O segundo maior bloco da Câmara, formado por Republicanos, Podemos, MDB, PSD e PSC, deve ficar com quatro cadeiras. O grupo possui siglas da base de Lula, como MDB e PSD, que também possui cargos no primeiro escalão do governo Lula, e partidos independentes, como o Republicanos, legenda do governador de São Paulo, Tarcísio de Freitas. A federação entre PT, PCdoB e PV e a bancada do PL também terão mais de uma indicação. Segundo cálculos de parlamentares da base, o governo pode ter até 10 das 16 cadeiras reservadas aos deputados. Porém, isso vai depender de acenos diretos de Lula a Lira. Aliados do presidente da Câmara afirmaram ao site da Jovem Pan que o cacique do Centrão terá papel “fundamental para garantir a maioria governista” na CPMI, sendo considerado o principal nome para estabelecer os rumos do colegiado. No entanto, o entendimento é que os acenos do Planalto “não estão muito claros” e caberá o chefe do Executivo um “olhar mais atento” ao Congresso Nacional.
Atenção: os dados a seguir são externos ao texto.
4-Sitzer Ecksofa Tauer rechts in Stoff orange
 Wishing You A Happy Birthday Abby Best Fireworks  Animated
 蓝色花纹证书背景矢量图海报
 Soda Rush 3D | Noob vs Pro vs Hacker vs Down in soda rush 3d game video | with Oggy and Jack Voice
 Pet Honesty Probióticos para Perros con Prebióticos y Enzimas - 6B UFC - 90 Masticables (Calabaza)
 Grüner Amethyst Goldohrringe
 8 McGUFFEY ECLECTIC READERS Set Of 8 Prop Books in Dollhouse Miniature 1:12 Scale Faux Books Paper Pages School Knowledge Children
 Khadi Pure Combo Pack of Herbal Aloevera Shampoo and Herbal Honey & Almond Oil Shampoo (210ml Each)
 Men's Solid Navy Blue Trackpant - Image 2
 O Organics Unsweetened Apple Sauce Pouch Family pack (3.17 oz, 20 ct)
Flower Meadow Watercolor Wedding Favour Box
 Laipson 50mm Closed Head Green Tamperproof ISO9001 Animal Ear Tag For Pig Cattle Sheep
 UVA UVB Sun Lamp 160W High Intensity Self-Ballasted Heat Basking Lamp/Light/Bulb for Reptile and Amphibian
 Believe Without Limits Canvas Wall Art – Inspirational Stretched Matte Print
“O Governo não ganhou com maioria na Câmara, então precisa dialogar, conversar com os líderes, com o Arthur Lira e os blocos. Se não conversar, não terá maioria na CPMI. O Governo tem que ir para o embate, então Lula precisa conversar com Lira. Ele é o maior articulador hoje na Câmara dos Deputados”, afirmou o deputado federal José Nelto (PP-GO) à reportagem nesta segunda-feira, 24. Segundo o deputado, é possível que os indicados pelo superbloco do Progressistas sejam favoráveis ao governo, mas o cenário dependerá da ” habilidade política do governo” e de suas lideranças. “Michel Temer não formou maioria para aprovar as reformas? O Jair Bolsonaro não arrumou maioria para não ser impeachmado? Então, com o Lula não é diferente. O governo não está reagindo e Lula não pode ficar pensando que vai governar com governadores. Não vai. Para governar, o governo precisa do do Congresso”, concluiu.

Diante da movimentação governista, parlamentares da oposição a Lula cogitam contra-atacar para obstruir os trabalhos da comissão. Uma das possibilidades aventadas nos bastidores é não indicar os parlamentares para a CPMI. A estratégia seria uma espécie de resposta à mudança de postura do governo, que inicialmente era contra a comissão e, após a divulgação das imagens de câmeras de segurança do Planalto, passou a defender o início dos trabalhos. Considerando o cenário em que os parlamentares serão todos indicados, haverá uma nova disputa, envolvendo as escolhas para a presidência e a relatoria do colegiado. Se não houver acordo, os postos serão definidos por votação. Partidos aliados a Lula querem evitar, por exemplo, que o deputado federal André Fernandes (PL-CE), que coletou as assinaturas para a criação da CPMI, fique com a presidência. “A presidência será do bloco governista; o relator também. Nunca aceitaríamos que esse deputado, que está sendo investigado no STF por esse ato, seja presidente da comissão”, disse o deputado federal Lindbergh Farias (PT-RJ), que pleiteia uma vaga na comissão parlamentar.

Neste quesito, inclusive, há uma disputa velada entre Renan Calheiros, cotado para o posto de relator, e Arthur Lira. Para evitar que seu principal adversário político no Estado de Alagoas tenha protagonismo na comissão, o deputado do PP se movimenta, segundo relatos feitos à Jovem Pan, para emplacar André Fufuca (MA), aliado de primeira hora do presidente da Câmara, para o cargo. Fufuca é descrito por colegas como “preparado e um conhecedor do Parlamento”. Como a Jovem Pan mostrou, embora a maioria governista seja algo esperado, o Planalto deve se preparar para enfrentar uma “minoria barulhenta”, o que torna ainda mais indispensável assegurar um cenário mais confortável ao governo.